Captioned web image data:

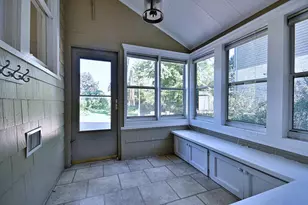 215 E Grantley Ave, Elmhurst, IL 60126 - Photo 40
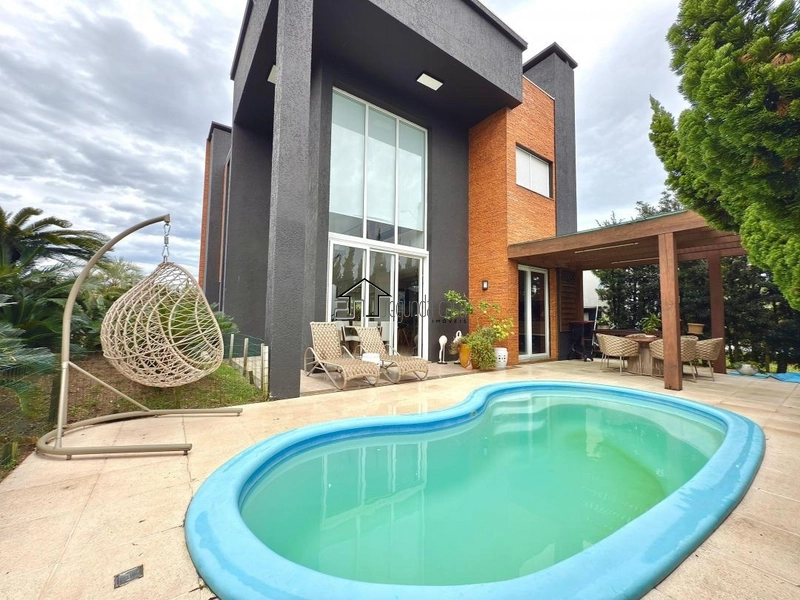 Sobrado com piscina: 9ª foto da galeria de imagens do imóvel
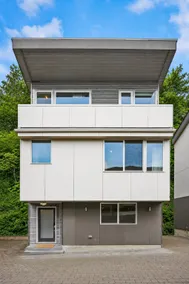 Modern & Spacious 3BR Seattle Retreat - Image 2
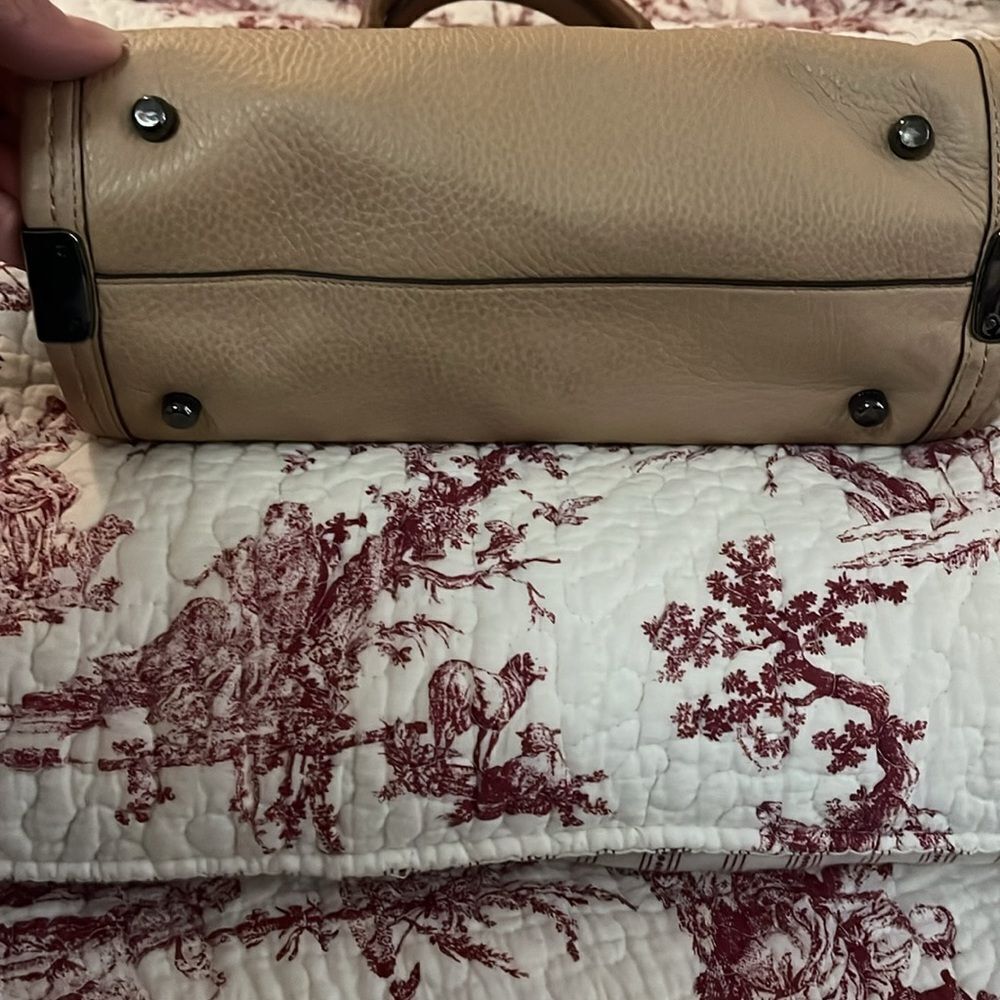 Coach Tan swagger 27 Leather Women's Bag - Picture 7 of 7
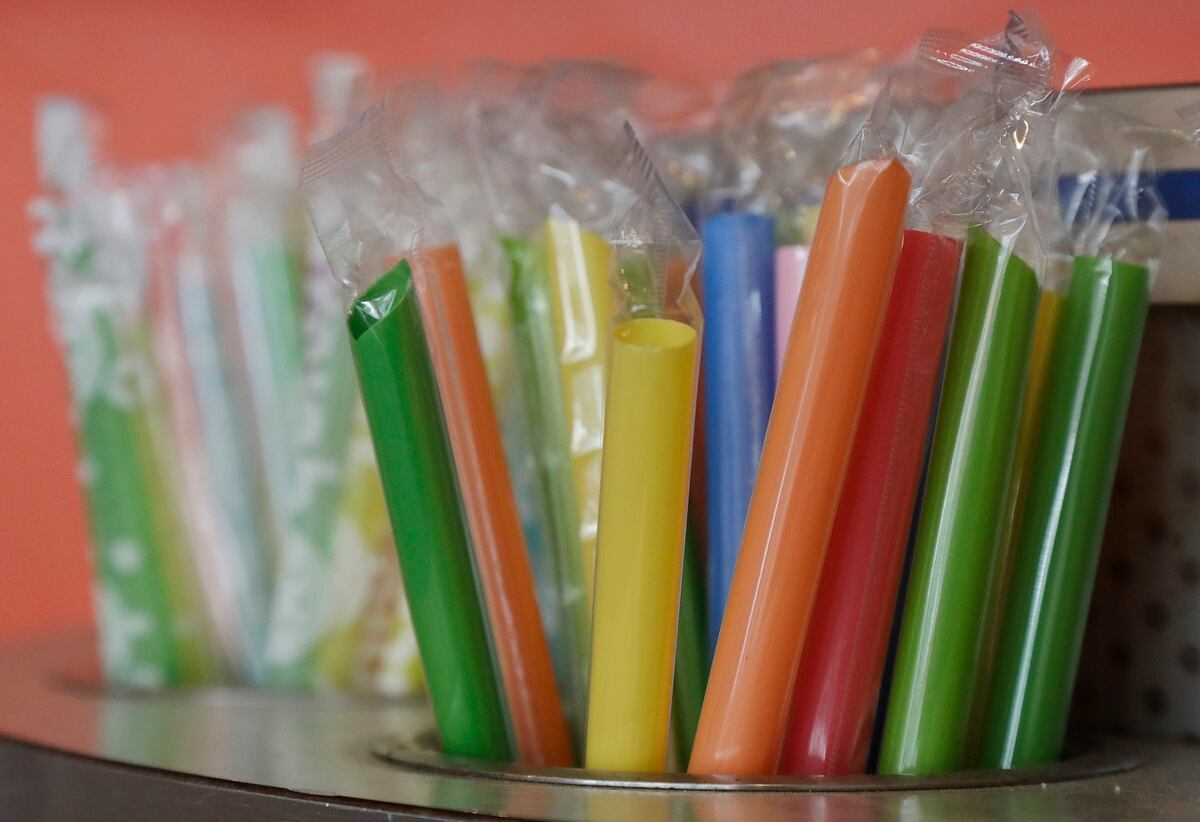 Los Angeles introduces new ban on plastic straws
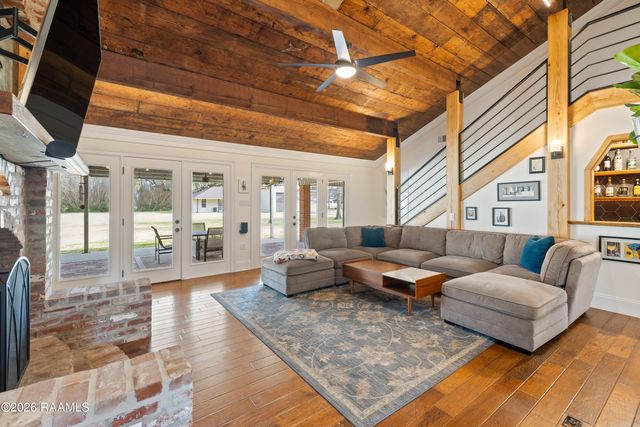 317 Interlaken Drive, New Iberia, LA 70563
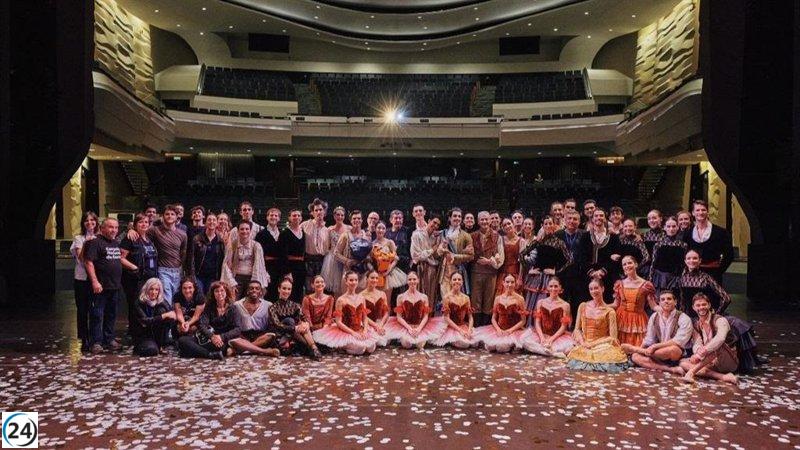 La Compañía Nacional de Danza cierra su exitosa gira por China con el aclamado ballet 'Don Quijote'.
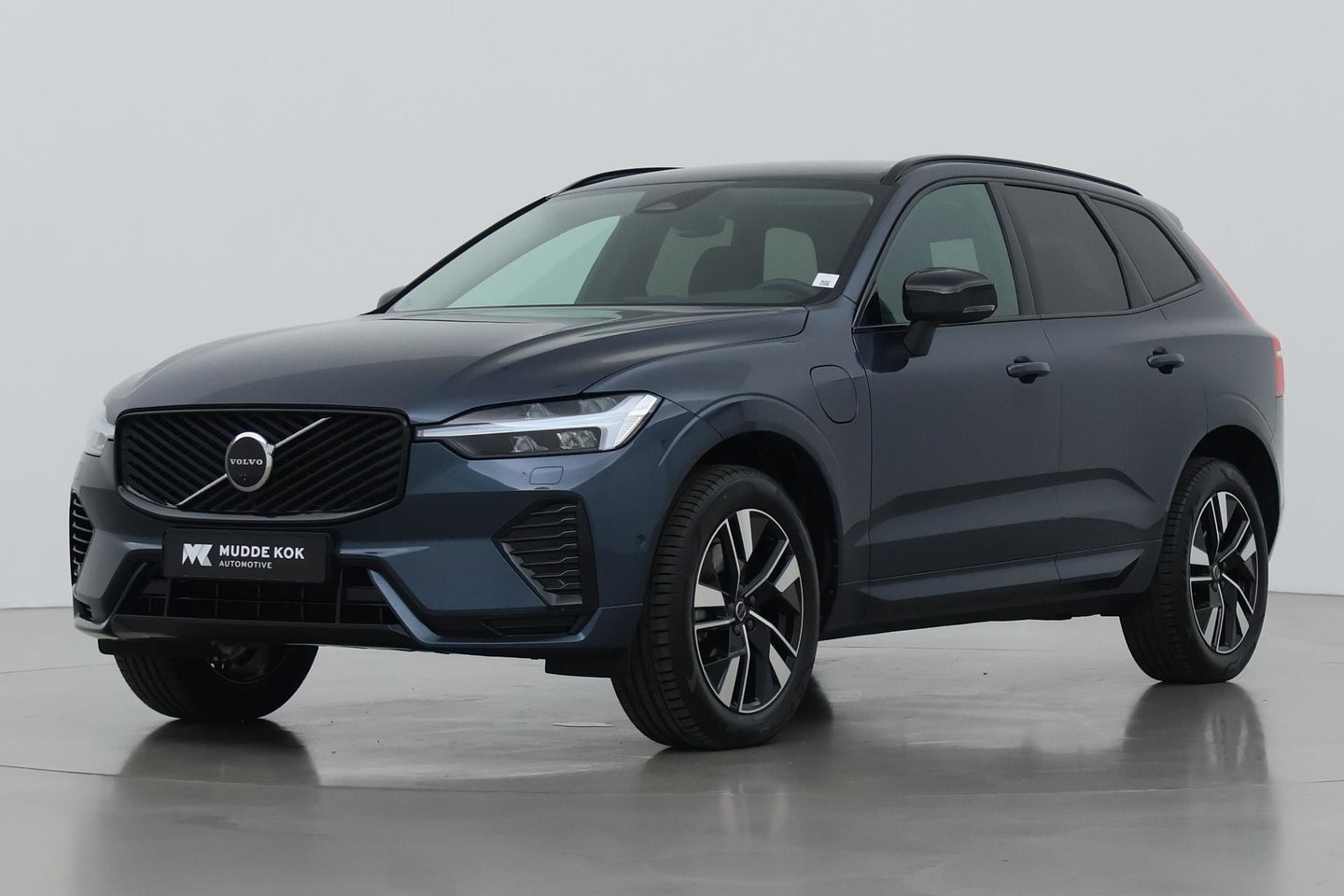 Volvo XC60 T8 Plug-in hybrid Plus Dark | ACC | Harman/Kardon | 360° Camera | Stoel+Stuurverwarming | BLIS | Memory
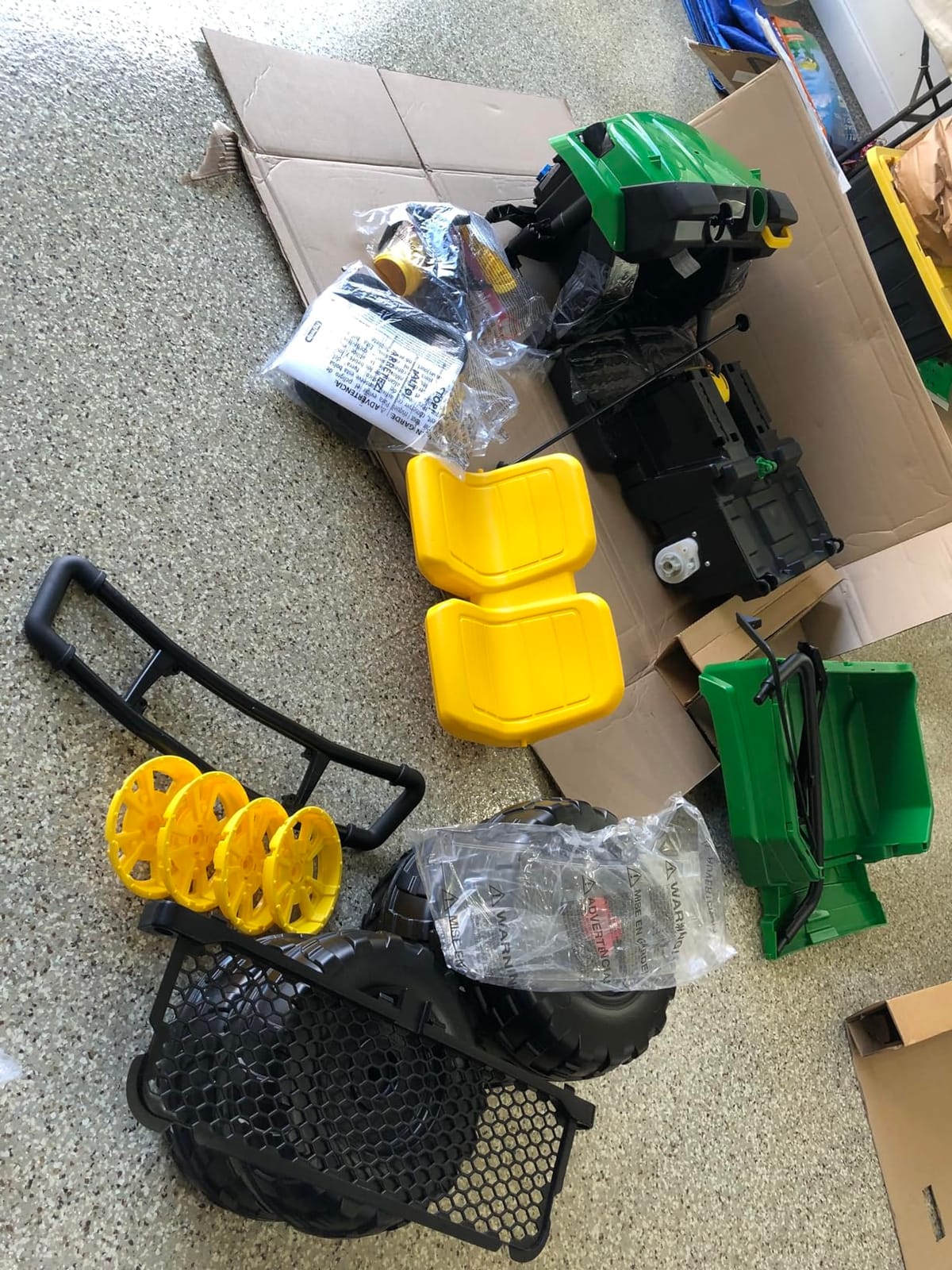 Peg Perego John Deere Gator XUV Extra-Large 12 Volt Ride-on, Durable Design for Kids 3-8, Green customer photo 1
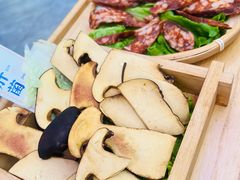 -阿婆情腊排骨火锅(金虹路店)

- [What is being asked]: Every line from the one containing "Sobrado com piscina: 9ª" to the final line of the records must be transcribed exactly, both ends included, with the pictures left out.

- [Response for this exercise]:
 Sobrado com piscina: 9ª foto da galeria de imagens do imóvel
 Modern & Spacious 3BR Seattle Retreat - Image 2
 Coach Tan swagger 27 Leather Women's Bag - Picture 7 of 7
 Los Angeles introduces new ban on plastic straws
 317 Interlaken Drive, New Iberia, LA 70563
 La Compañía Nacional de Danza cierra su exitosa gira por China con el aclamado ballet 'Don Quijote'.
 Volvo XC60 T8 Plug-in hybrid Plus Dark | ACC | Harman/Kardon | 360° Camera | Stoel+Stuurverwarming | BLIS | Memory
 Peg Perego John Deere Gator XUV Extra-Large 12 Volt Ride-on, Durable Design for Kids 3-8, Green customer photo 1
 -阿婆情腊排骨火锅(金虹路店)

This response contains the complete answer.